Synthesis of 9,10-bis(9-triptycyloxy)triptycenes : Molecular design of a system with doubly correlated internal rotation

Abstract

Torsional motions around the two C—C and C—O bonds in di(9-triptycyl)methanes, Tp2CH2, and di(9-triptycyl) ethers, Tp2O, respectively, have a high barrier to uncorrelated rotation and a very low barrier to coupled disrotation. As a result, new stereoisomerism is generated due to different phase relationships between appropriately labeled benzene rings, at least one on each Tp unit.
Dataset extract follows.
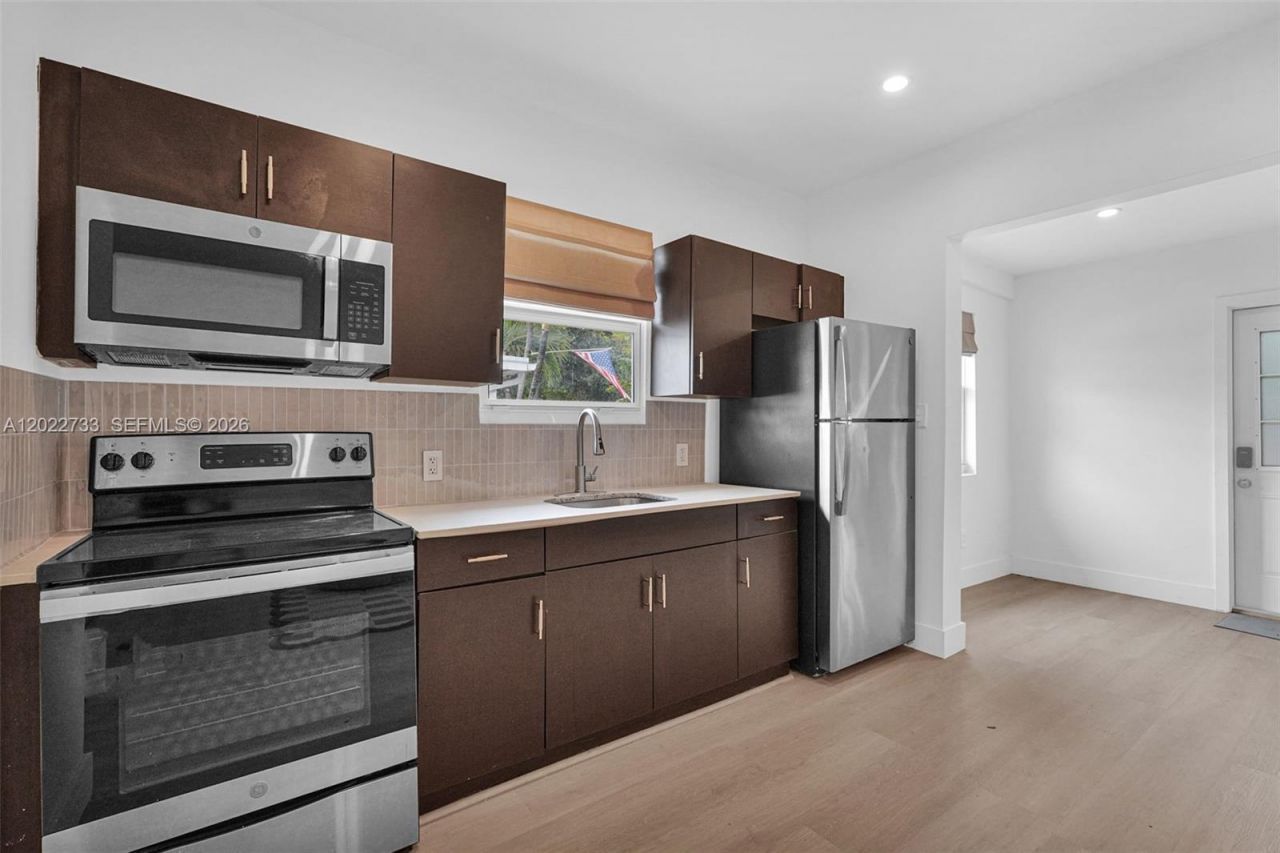 21 NE 48th St , Unit 2, Miami, FL 33137 Photo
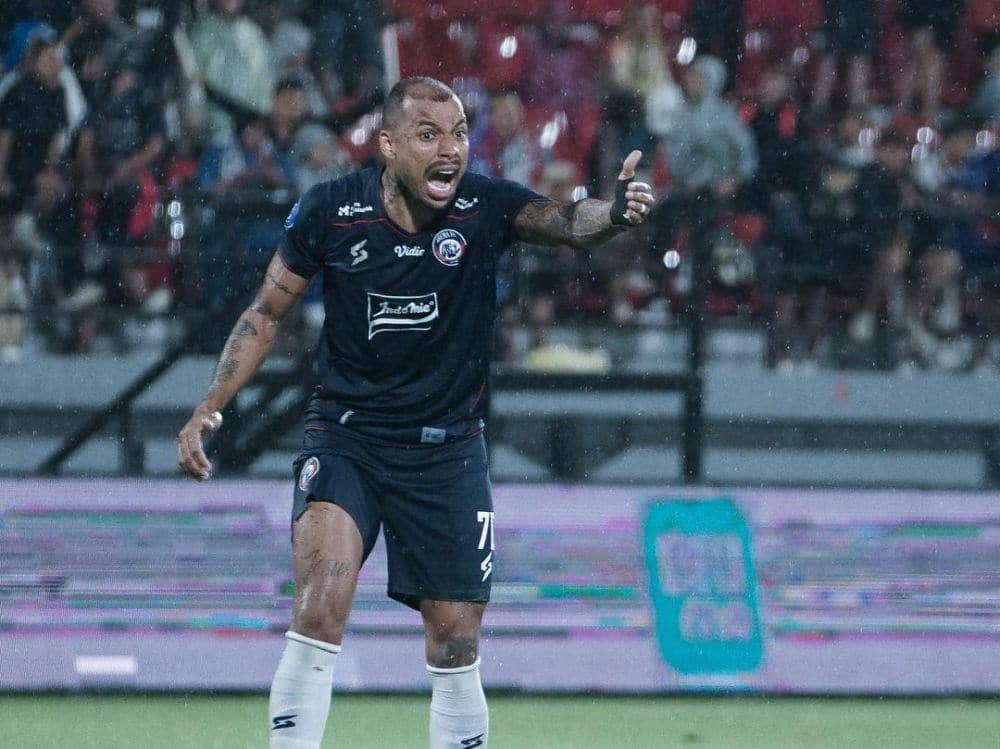 Gustavo Almeida (instagram.com/aremafcofficial)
To extend the concept and further demonstrate the high correlation in the torsional motions for these systems, a doubly geared molecule, 9,10-bis(3-chlorotriptycyloxy)triptycene (1), was conceived and constructed. Bis(3-chloro-9-triptycyl) 9,10-triptycenebis(peroxycarboxylate) was prepared. The meso and dl isomers of 1 were separated by HPLC on microsilica. The structures were confirmed by high resolution 13C-NMR spectra which revealed an interesting stercochemical feature : one benzene ring of the middle unsubstituted triptycene moiety is diastereotopic to the other two. The rates of isomerization were measured in diphenylmethane solution to give the activation parameters for the gear slipping process: ΔH‡ = 42.1±1.3 kcal mol-1 and ΔS‡ = -3.2±2.3 e.u. The significance of these findings as an extreme case for the dynamics of molecular chains is discussed.